The Essence of Testing

Posted 2 weeks, 5 days ago | Originally written on 13 Nov 2020
“Code without tests is broken by design.”
Jacob Kaplan-Moss

I love that quote. It captures it all. Lacking tests is not just bad practice but effectively bad design. Bad design means that something is wrong with the product. A badly designed umbrella is not fit for purpose and could even cause injury (or worse, death). Developers really need to take this to heart. You need tests. Perhaps one day someone will invent a language which has tests built into the language i.e. no code runs without tests.

Nevertheless, if you are not persuaded by the above I want to try a different approach. While lacking tests might be improper due to design principles I also want to demonstrate that it is improper on logical principles. So let's get cracking.

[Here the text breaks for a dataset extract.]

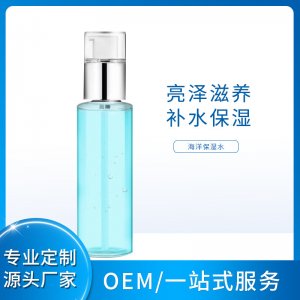 海洋補(bǔ)水精華露 貼牌定制代加工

Testing enforces the rigor of the scientific method on code. It is the closest we can get to proof that code works. The scientific method works on the basis of evidence, both affirmative and negative, that some claim is the case. This is in contract to mathematical and logical proof which are certain and fixed. In science evidence is availed for the mind to weigh and determine which direction to lean to. This is why you can have different scientists coming to different conclusions when presented with the same data, analyses and resulting evidence. In contrast, there is no controversy among mathematicians: once something is proved that's the end of the discussion.

Amphibian

Software behaves partly like mathematics/logic and partly like a scientific experiment. Obviously, the logical parts of software will be subject to the rigor of proofs but the 'softer' parts such as the UI, working with files, orchestrating processes etc. will be harder to pin down. It's these parts that require more attention.

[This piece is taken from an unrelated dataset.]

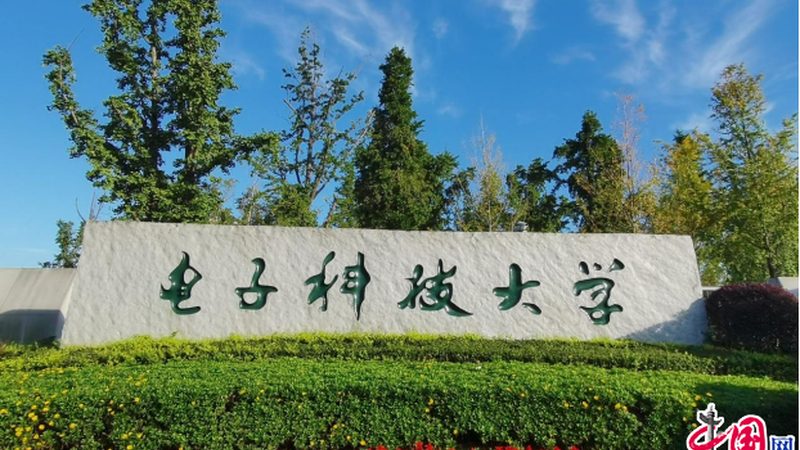 深圳低功耗方案定制：揭秘高效节能的秘密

When a scientist designs an experiment they are creating a set of conditions by which they can make as definitive a claim to evidence as possible. This is usually not easy because the conditions by which one can make a definitive claim require very stringent controls, which are very hard to achieve. For example, to show that a drug works, scientists perform multiple rounds of randomised control experiments, known as randomised control trials, so as to exclude subjective reports. Even the manner in which the data in analysed is tightly controlled for the results to be accepted.

Furthermore, experimental testing is bound by the idea of falsifiability. Falsifiability means that something can only be shown to be 'true' if it can shown to be 'false'. By 'true/false' here I don't mean logical values but rather something more like 'strong evidence in favour of' and 'weak evidence in favour of', respectively. If something cannot be proven false then it cannot be proven true. This amounts to a bias towards evidence against rather than evidence for. For example, if one makes the claim 'all swans are white' then upsetting this claim only requires a single non-white swan to be found.

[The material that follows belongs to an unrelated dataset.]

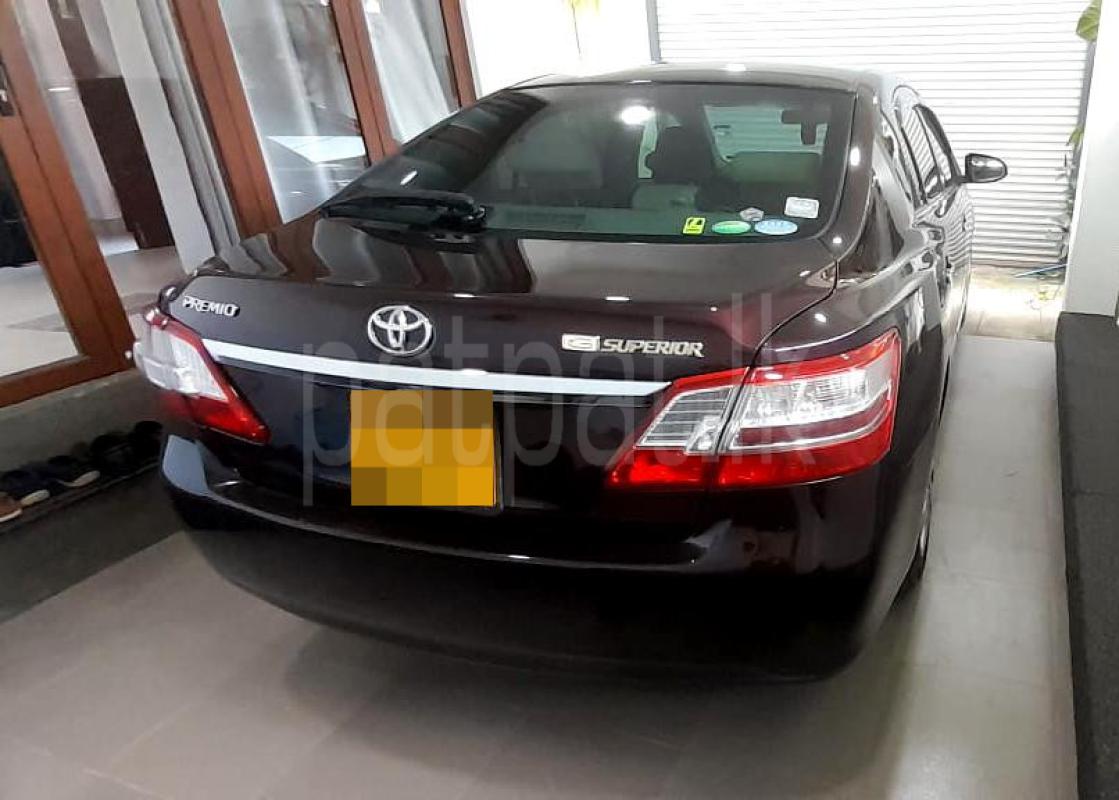 Advertisement image 5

These two ideas (the idea of evidence and the idea of falsifiabilty) can then help us to approach software testing in a way that should give us an impetus to write tests.

Give Us Evidence

It is the burden of the software author to show that the code works to requirements. They have to provide the evidence that the code works. Therefore, the right mindset is for the author to try and break their code. They should dream up practical scenarios (not fictitious ones) which explore the various ways to break their code.

Even if the code passes all tests it doesn't mean it is perfect. The idea of falsifiability applies that all one needs is one test to fail to take us back to the drawing board. It should now be evident what's at stake: seemingly perfect code can be discredited by a single failed test. In practice this ellicits a framework in which test failures are welcome. You want tests to fail as much as possible in development. That's good because every failed test invites inspection and questioning of whether the code can be written better to avoid the fail.

One notorious approach that's become popular is the use of vanity metrics such as code coverage. It is employed in thousands of projects. Once you start using code coverage you soon get drawn away from the task of testing to the visibility of testing. You strive to get to 100% code coverage at all costs and forget that even at such a coverage the code might still teem with simple bugs.

The converse is not problematic. If you focus on breaking your code and accepting the burden of proof then you will automatically achieve multiple rounds of 100% coverage.